[Recorded data]
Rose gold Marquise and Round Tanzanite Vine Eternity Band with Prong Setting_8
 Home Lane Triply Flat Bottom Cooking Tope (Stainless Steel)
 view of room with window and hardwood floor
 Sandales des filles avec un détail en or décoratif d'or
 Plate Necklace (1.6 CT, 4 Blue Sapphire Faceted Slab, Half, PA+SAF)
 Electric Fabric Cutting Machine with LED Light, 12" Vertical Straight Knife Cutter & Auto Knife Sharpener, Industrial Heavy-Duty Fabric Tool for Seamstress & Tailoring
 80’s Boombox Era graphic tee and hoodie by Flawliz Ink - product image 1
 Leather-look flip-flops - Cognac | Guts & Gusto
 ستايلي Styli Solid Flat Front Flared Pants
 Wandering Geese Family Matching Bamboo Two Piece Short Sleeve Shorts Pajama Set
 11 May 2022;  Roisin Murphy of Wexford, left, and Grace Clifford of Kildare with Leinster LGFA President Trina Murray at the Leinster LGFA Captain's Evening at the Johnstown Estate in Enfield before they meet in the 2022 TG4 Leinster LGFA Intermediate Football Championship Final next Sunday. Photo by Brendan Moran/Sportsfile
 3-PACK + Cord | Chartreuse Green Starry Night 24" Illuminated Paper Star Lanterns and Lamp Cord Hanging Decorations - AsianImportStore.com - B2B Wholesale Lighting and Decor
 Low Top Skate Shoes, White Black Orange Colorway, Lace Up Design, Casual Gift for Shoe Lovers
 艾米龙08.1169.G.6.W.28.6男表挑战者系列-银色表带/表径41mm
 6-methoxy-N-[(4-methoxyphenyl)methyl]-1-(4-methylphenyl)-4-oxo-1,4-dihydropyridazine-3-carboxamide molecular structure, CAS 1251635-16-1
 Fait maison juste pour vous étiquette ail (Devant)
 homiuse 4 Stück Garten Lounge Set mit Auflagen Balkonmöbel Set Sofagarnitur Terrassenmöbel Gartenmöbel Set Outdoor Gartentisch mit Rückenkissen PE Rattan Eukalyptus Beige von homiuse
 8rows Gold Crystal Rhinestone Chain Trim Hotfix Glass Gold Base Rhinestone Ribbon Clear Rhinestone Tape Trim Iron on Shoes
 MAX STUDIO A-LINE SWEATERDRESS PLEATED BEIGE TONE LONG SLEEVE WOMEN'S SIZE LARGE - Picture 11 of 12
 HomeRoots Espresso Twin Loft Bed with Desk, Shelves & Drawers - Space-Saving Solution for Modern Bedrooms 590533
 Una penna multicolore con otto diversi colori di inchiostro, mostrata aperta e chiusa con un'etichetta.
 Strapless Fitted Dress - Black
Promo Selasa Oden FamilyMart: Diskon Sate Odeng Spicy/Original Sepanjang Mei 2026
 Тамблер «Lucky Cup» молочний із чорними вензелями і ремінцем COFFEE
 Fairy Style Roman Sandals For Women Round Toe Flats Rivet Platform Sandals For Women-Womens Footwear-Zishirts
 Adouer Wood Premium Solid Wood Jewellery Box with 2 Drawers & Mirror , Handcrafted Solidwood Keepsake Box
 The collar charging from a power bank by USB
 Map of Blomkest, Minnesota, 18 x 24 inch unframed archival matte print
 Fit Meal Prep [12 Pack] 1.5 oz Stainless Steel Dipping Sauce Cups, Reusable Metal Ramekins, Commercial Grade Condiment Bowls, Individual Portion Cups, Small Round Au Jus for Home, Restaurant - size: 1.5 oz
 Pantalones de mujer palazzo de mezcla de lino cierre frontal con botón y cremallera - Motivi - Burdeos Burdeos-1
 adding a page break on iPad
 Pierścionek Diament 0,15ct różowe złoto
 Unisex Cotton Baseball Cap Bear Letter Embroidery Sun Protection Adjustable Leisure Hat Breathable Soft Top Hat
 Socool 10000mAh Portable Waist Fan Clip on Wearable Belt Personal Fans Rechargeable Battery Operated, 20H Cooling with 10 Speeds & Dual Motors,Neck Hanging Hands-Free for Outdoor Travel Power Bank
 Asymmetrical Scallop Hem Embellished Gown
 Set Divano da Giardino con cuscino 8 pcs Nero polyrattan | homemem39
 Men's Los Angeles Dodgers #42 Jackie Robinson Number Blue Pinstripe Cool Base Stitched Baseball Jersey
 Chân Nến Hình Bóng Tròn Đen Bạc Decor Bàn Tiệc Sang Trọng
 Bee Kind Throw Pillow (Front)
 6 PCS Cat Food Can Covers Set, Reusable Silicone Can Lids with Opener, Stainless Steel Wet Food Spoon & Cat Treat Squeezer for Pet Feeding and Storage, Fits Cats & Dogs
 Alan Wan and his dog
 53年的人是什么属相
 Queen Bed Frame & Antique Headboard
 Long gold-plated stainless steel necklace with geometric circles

[Task brief]
Please give back exactly the lines of this listing beginning at the line with "8rows Gold Crystal" and ending with the line with "HomeRoots Espresso Twin", both included, and nothing else.

[Response]
 8rows Gold Crystal Rhinestone Chain Trim Hotfix Glass Gold Base Rhinestone Ribbon Clear Rhinestone Tape Trim Iron on Shoes
 MAX STUDIO A-LINE SWEATERDRESS PLEATED BEIGE TONE LONG SLEEVE WOMEN'S SIZE LARGE - Picture 11 of 12
 HomeRoots Espresso Twin Loft Bed with Desk, Shelves & Drawers - Space-Saving Solution for Modern Bedrooms 590533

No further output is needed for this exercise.